Sin haber nacido en ella, regresé hace unos años—por tercera vez—con la promesa de un futuro. Me había convencido de que en esta ocasión no se derrumbaría la posibilidad de construir espacios que sostuvieran lo local, lo común. Pero los ciclos se repiten, y una vez más, fuimos desplazados de la historia. Desertar puede ser sinónimo de traición y de renuncia, pero yo lo entiendo como quien necesita alejarse del terruño para, tal vez, volver después de la nostalgia. Cuernavaca, ciudad primaveral, vacacional, idílica e idealizada, en donde la esfera pública es benévola y complaciente, en donde el aire de verano impregna todo el año de algarabía y jolgorio; ciudad que nos hipnotiza en un trópico ilusorio mientras ocupamos los espacios en donde la vida social fluye sin descanso, en donde la arquitectura maltrecha no nos detiene para construir museos sin paredes; lugar en donde las albercas vacías, los edificios huérfanos y las casas deshabitadas han sido nuestros cubos blancos, las escuelas nuestro refugio y las aulas nuestros estrados. En Cuernavaca, todos somos dichosos y achispados, acríticos y fraternales. Quizá es la razón por la cual no deja de ser un imán que nos hace volver, sortear su fealdad y encontrar pequeños oasis entre las balas y los baches.
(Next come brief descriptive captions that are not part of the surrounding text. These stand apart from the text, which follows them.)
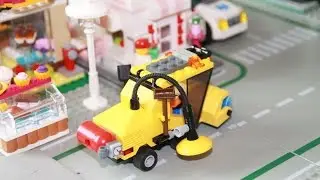 Lego 7242 Street Sweeper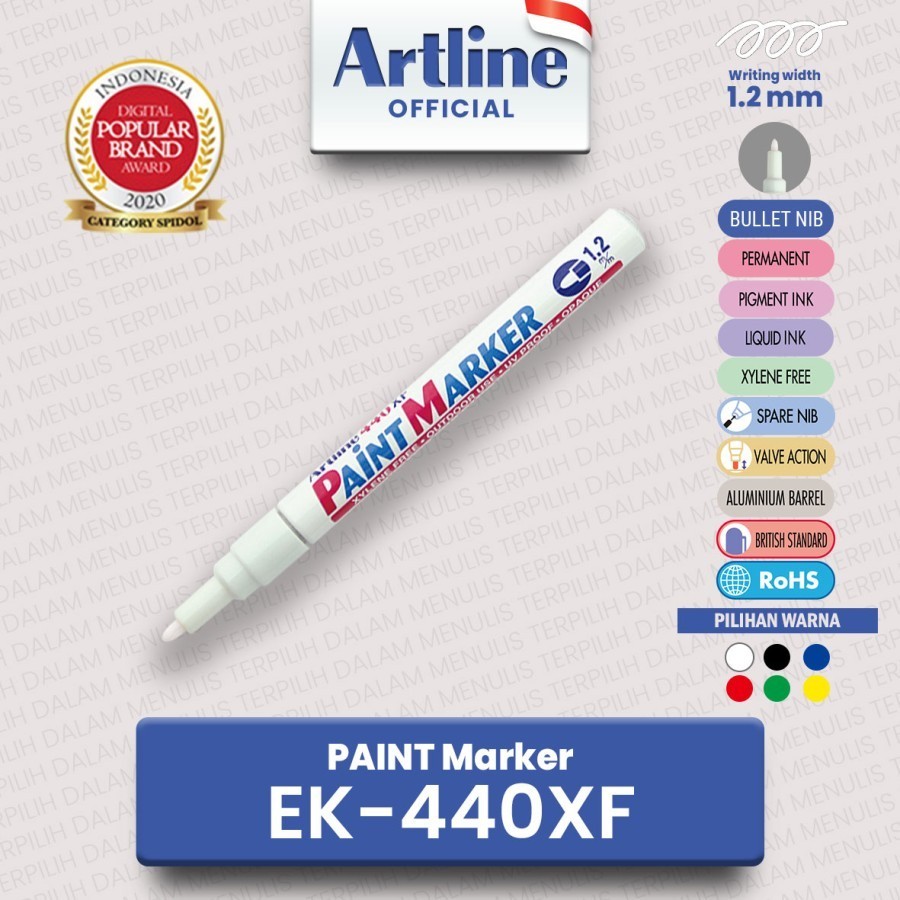 

ARTLINE SPIDOL PAINT MARKER EK-440XF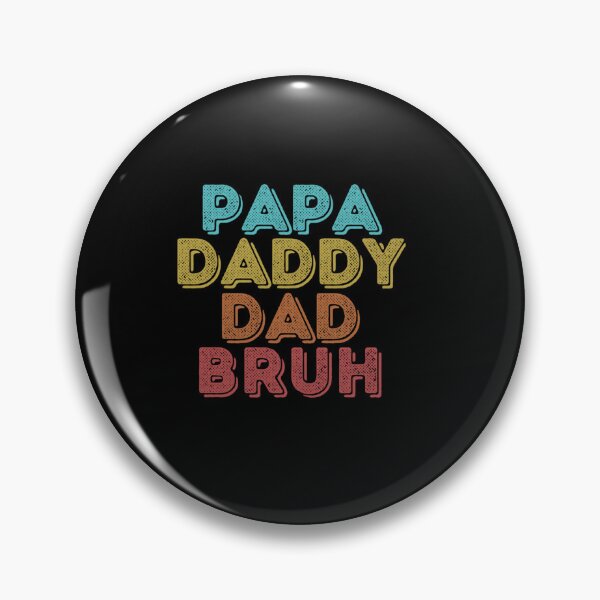 Artikelvorschau, VINTAGE RETRO PAPA DADDY DAD BRUH entworfen und verkauft von sobriowslen.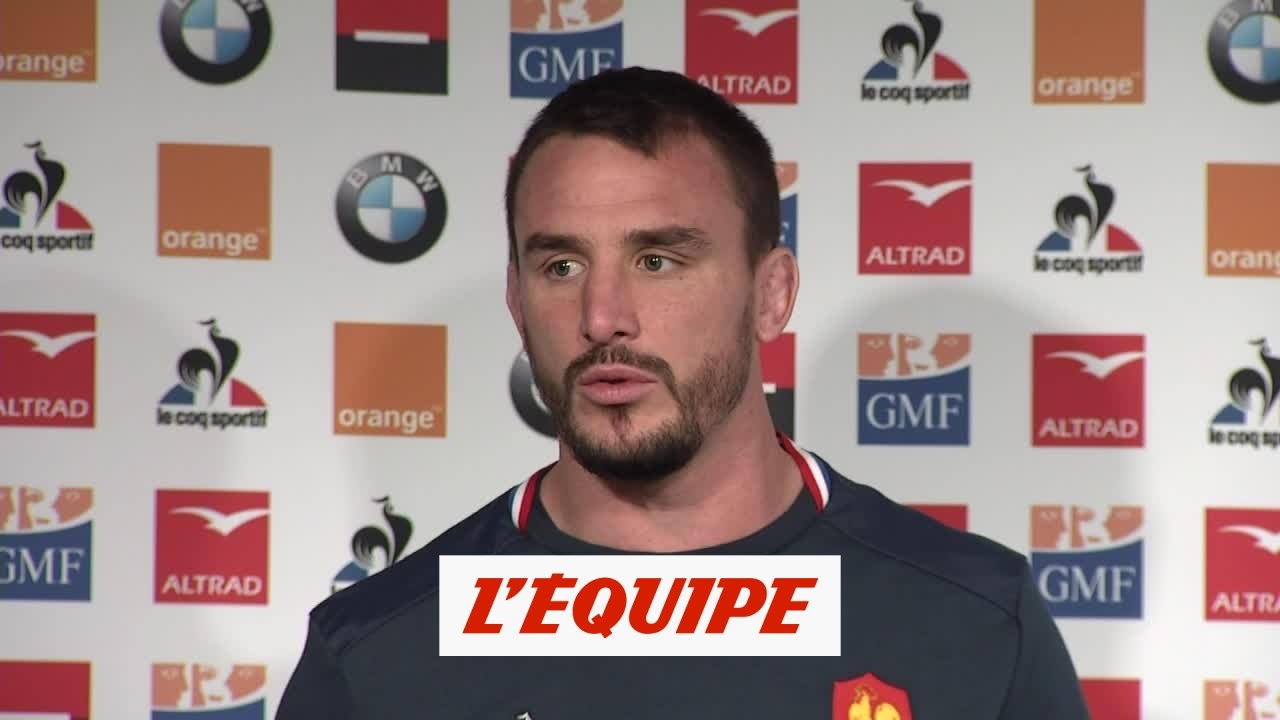 Picamoles «J'ai une nature à dire ce que je pense» - Rugby - Tournoi des 6 nations - Bleus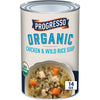 Progresso Organic Chicken & Wild Rice Canned Soup, 14 Oz.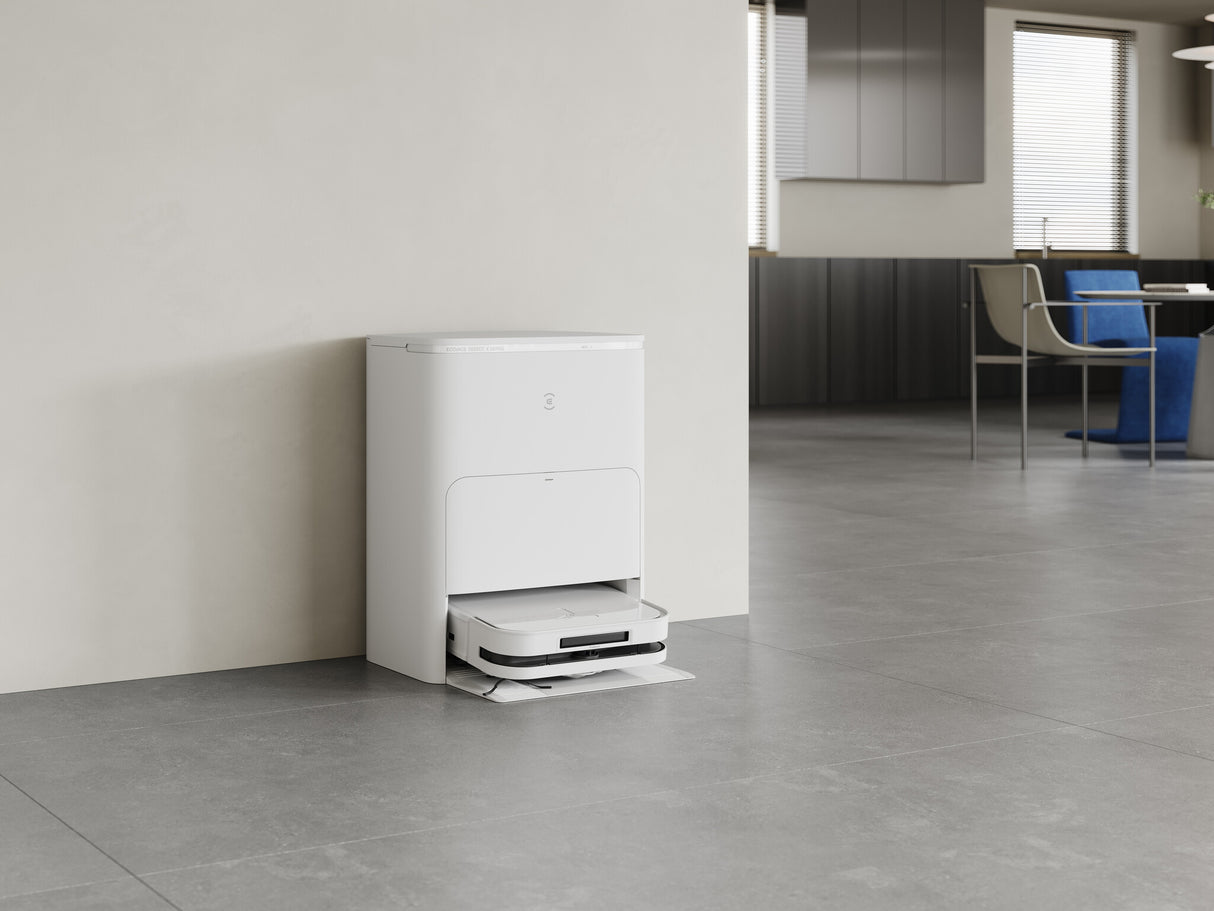 Ecovacs Deebot X5 Omni Hvid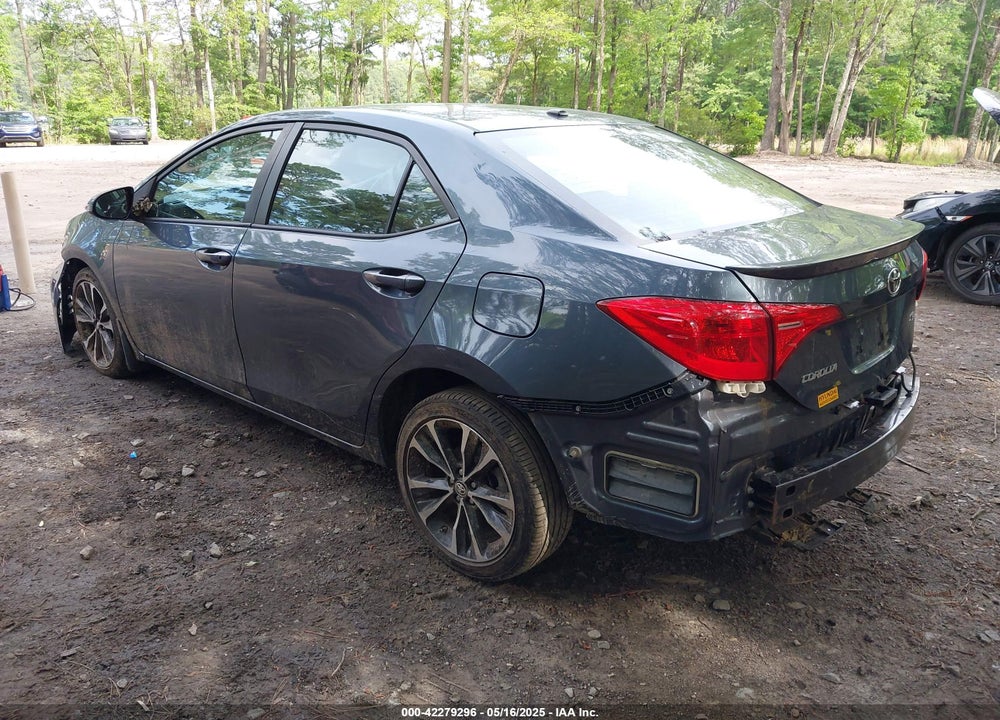 2017 TOYOTA COROLLA SE VIN: 2T1BURHE0HC852903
Es esta ciudad en donde hicimos de la precariedad nuestro espacio social y nuestro lugar de resignación, pero todo lo sólido se desvaneció en el aire, no por una modernización acelerada, sino por las razones equivocadas. La cultura fue evaporada por gobernantes, dirigentes y alcaldes. Los museos se invadieron de impericia; otros son páramos de urracas. Nos desaparecieron forzadamente de todos aquellos espacios en donde pudimos proyectar y concebir una ciudad más próspera y nos lanzaron a las calles desiertas. Lo vimos pasar todo frente a nuestros ojos, y las luchas, como todas las batallas, se debilitan, porque el miedo nos vuelve torpes; porque pensar en la fuerza social como capaz de urdir un entorno que nos corresponde es dejarlo todo, arriesgarlo todo, como quien se va a la guerra sin armas. En este aturdimiento, nuestra resistencia es esquiva, sustraída de una realidad política, porque sabemos que cuando la historia se repite nos traiciona a todos.
Aún así, hay quienes persisten y permanecen, quienes se adhieren como la hiedra a la ciudad y son capaces de añadir nuevas capas a la historia. Admiro y aplaudo a quienes son incansables, a quienes nos harán volver a una ciudad que en el fondo no está rota ni pobre, sino temporalmente sitiada por sátrapas; a quienes hacen arder todo y escriben en los muros de las calles “Pese a todo, imaginar.” Saudade Cuernavaca.